FISIP UPR Tancap Gas di Usia 14 Tahun, Pemprov Kalteng Tantang Mahasiswa Turun ke Medan Sosial
- account_circle D'Borneo
- calendar_month Jum, 23 Jan 2026
- visibility 80
- comment 0 komentar

Asisten Perekonomian dan Pembangunan Setda Kalteng, Herson B Aden, saat membacakan sambutan Gubernur Agustiar Sabran.
DAYABORNEO, Palangka Raya – Fakultas Ilmu Sosial dan Ilmu Politik (FISIP) Universitas Palangka Raya (UPR) tidak ingin sekadar merayakan usia. Memasuki Dies Natalis ke-14, FISIP UPR menegaskan diri sebagai kawah candradimuka pemikir kritis dan calon pemimpin Kalimantan Tengah. Pemerintah Provinsi Kalteng pun ikut memberi sinyal tegas: kampus harus hadir langsung menjawab persoalan daerah.
Asisten Perekonomian dan Pembangunan Setda Kalteng, Herson B Aden, yang mewakili Gubernur Agustiar Sabran, menyebut usia 14 tahun sebagai fase kedewasaan institusi. Menurutnya, FISIP tidak boleh berhenti pada rutinitas akademik semata.
“Empat belas tahun itu usia matang. FISIP UPR harus berdiri di barisan depan, mencetak pemikir yang berani bersuara dan bertindak untuk Kalimantan Tengah,” tegas Herson dalam sambutannya di Kampus FISIP UPR, Kamis (22/1/2026).
Ia menekankan bahwa pembangunan daerah tidak bisa diserahkan hanya pada beton dan aspal. Politik kebijakan, dinamika sosial, serta kualitas sumber daya manusia justru menjadi penentu arah masa depan Kalteng.

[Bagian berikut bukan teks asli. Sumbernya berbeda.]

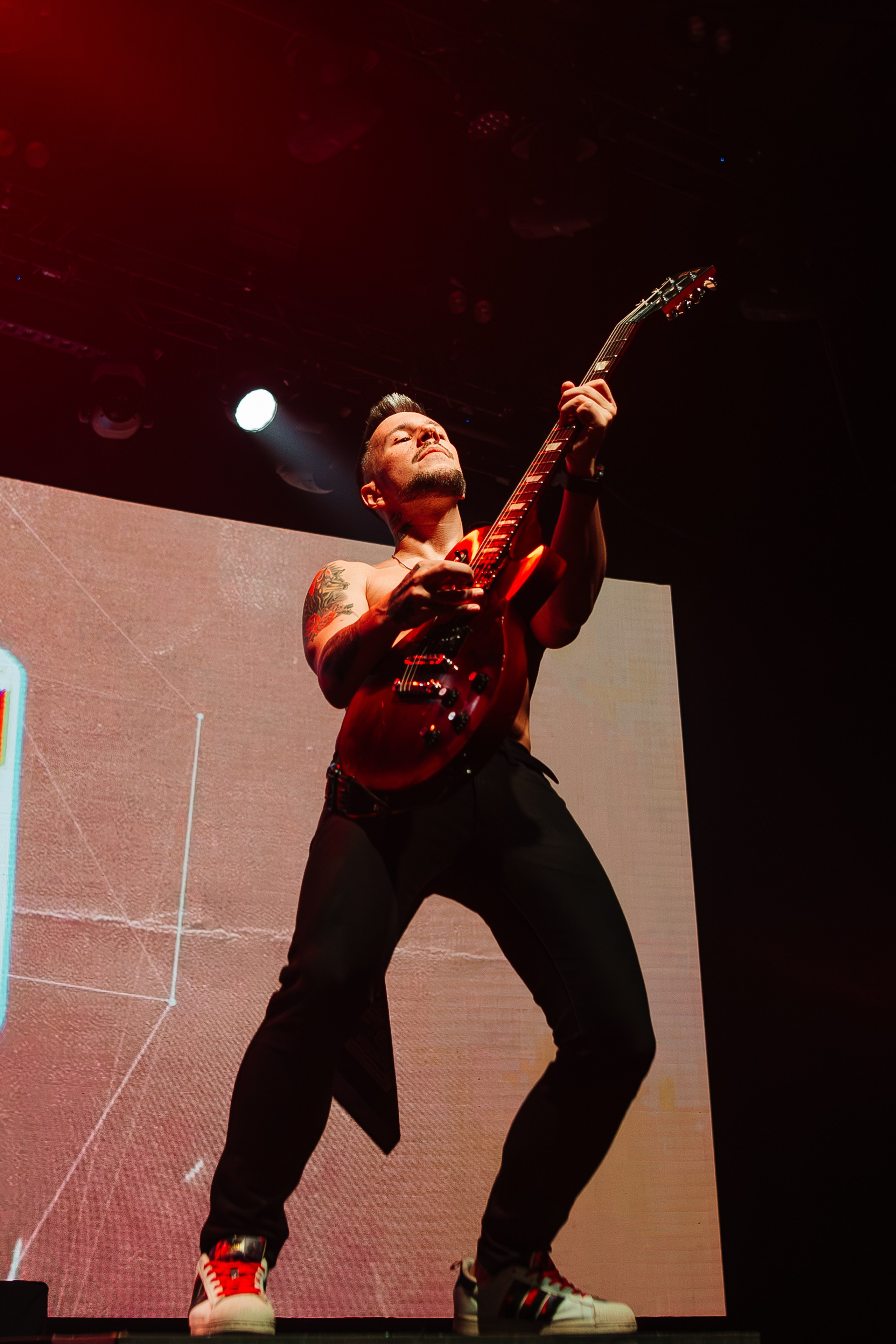 Lascala. Аврора. 05.04.2025. Главная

“Mahasiswa jangan puas dengan IPK tinggi. Turun ke masyarakat, pahami konflik sosial, kemiskinan, tata kelola pemerintahan. Di situlah ilmu diuji,” katanya lugas.

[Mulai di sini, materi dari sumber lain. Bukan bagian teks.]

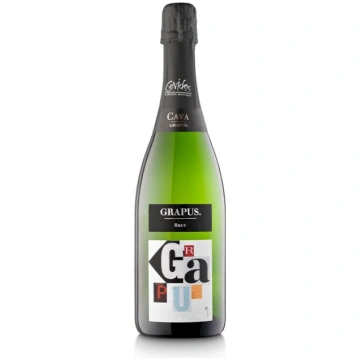 Grapus Cava Brut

Herson juga membuka kartu komitmen Pemprov Kalteng di sektor pendidikan. Tahun 2026, pemerintah menyiapkan beasiswa bagi 10 ribu mahasiswa sebagai langkah strategis memperkuat SDM lokal.

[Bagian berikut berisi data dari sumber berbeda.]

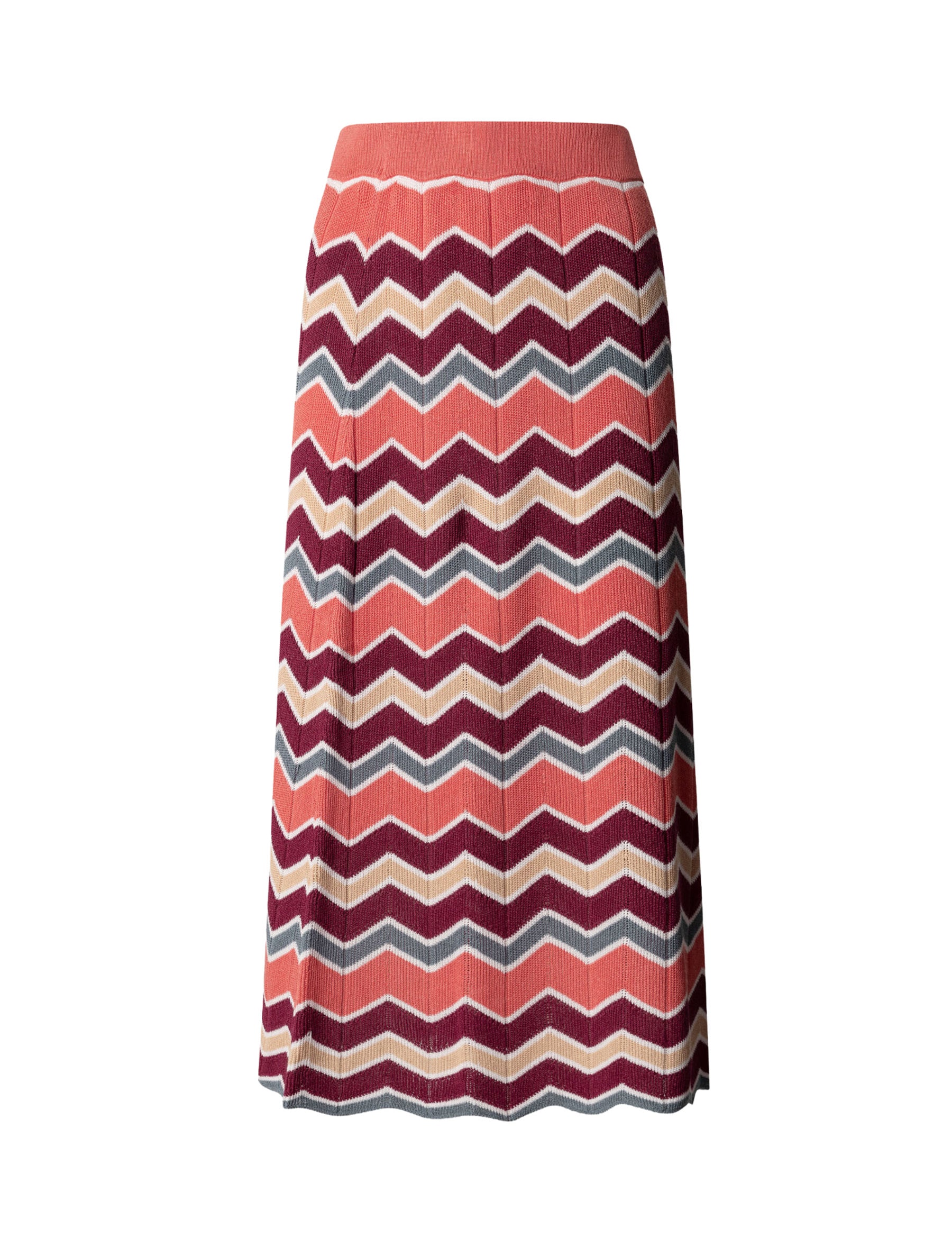 Gonne Multicolore Pepe Jeans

“Ini investasi jangka panjang. Kami ingin anak-anak Kalteng jadi tuan di daerahnya sendiri,” ujarnya.
Sementara itu, Dekan FISIP UPR Bhayu Rhama menyatakan Dies Natalis ke-14 bukan seremoni kosong. Ia menyebut usia ini sebagai titik evaluasi dan lompatan baru.
“Empat belas tahun adalah proses membentuk jati diri. FISIP UPR harus semakin relevan, kritis, dan berdampak nyata,” tandas Bhayu.
Ia menegaskan civitas akademika FISIP UPR berkomitmen memperkuat riset, pengabdian, dan keberpihakan pada isu-isu strategis daerah. FISIP UPR, katanya, siap mengambil peran lebih besar dalam menentukan arah Kalimantan Tengah ke depan.